Frankly, I think this album is brilliant. Every track is a stepping stone in what seems to be a very personal journey, and listening through from beginning to end sweeps me along with Steve as he makes his way. His songwriting is fantastic, with lyrics that speak of acceptance, bravery, and hope. The music is beautiful and perfectly suited as a backdrop for Steve’s powerful voice, like a rustic wooden fence for the ivy of Steve’s vocals to wend their way around, creating a colorful vision of peace, refreshment and solitude.
The opening song, “I Will Grow,” is introspective and relatable. It grabs you right in the heart of your grown-up self and plants you firmly in an emotional mindset.
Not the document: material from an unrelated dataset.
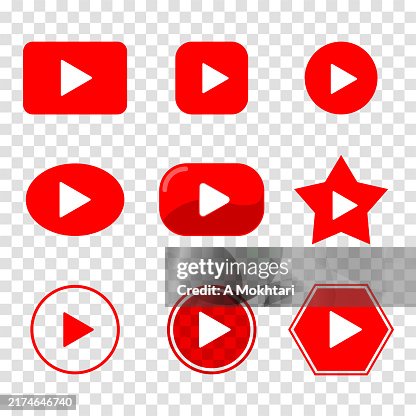 Play Button Rectangular Shape Play Button In Different Shapes High-Res Vector Graphic - Getty Images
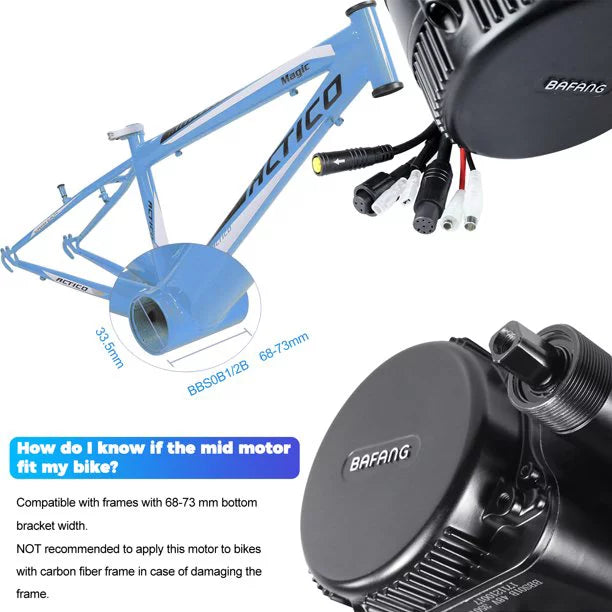 48V 750W Mid Drive Electric Bike Motor Conversion Kit with Optional Battery D97232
But before you assume that the whole album is going to cause your heart to ache, Steve launches into the inspiring title track, “Head Up High,” an irresistible, upbeat pep talk that my 16-year-old daughter loves to belt out. And from there he uses a little blues, a little folk, and a lot of heart to share his story, track by track.
I could gush over every single song, but I’ll just mention a couple more of my favorites. “Something About You” rolls out a poignant ribbon of longing and confusion that still gets me every time I hear it. On the other end of the spectrum, “Your Eyes” is a whimsical love song featuring Steve playing a sunny ukulele melody accompanied by his jaunty vocals. “So High” is another happy ballad, hopeful and warm, while “Messed Up” brings a bit of a funky vibe to an uplifting perspective shift.
In spite of the ethereal feelings I have about his music, there is just something so efficient about Steve’s style. He has a message to deliver and he’s not interested in wasting any time – or words – in doing it. When he’s said what he wanted to say the song ends and you are changed, left holding onto an emotional gem. I love that, since I’ve never been a big fan of dragging things out.
A terrific example of that is “Walk On.” Simple and straightforward, the lyrics encourage me in the middle of the dark, like Steve slipping his hand in mine and helping me move forward. Even though it clocks in at just under two and a half minutes, it’s enough. I feel strengthened somehow. Relatively short, and yet perfectly complete.
As of this writing, I believe Steve is wrapping up his summer tour by performing select shows in the US and UK, some as the headliner and some supporting Bad Company. If you have the opportunity to see him live, jump on it! In the meantime, do yourself a favor and snap up this album. It will restore your faith in today’s music scene.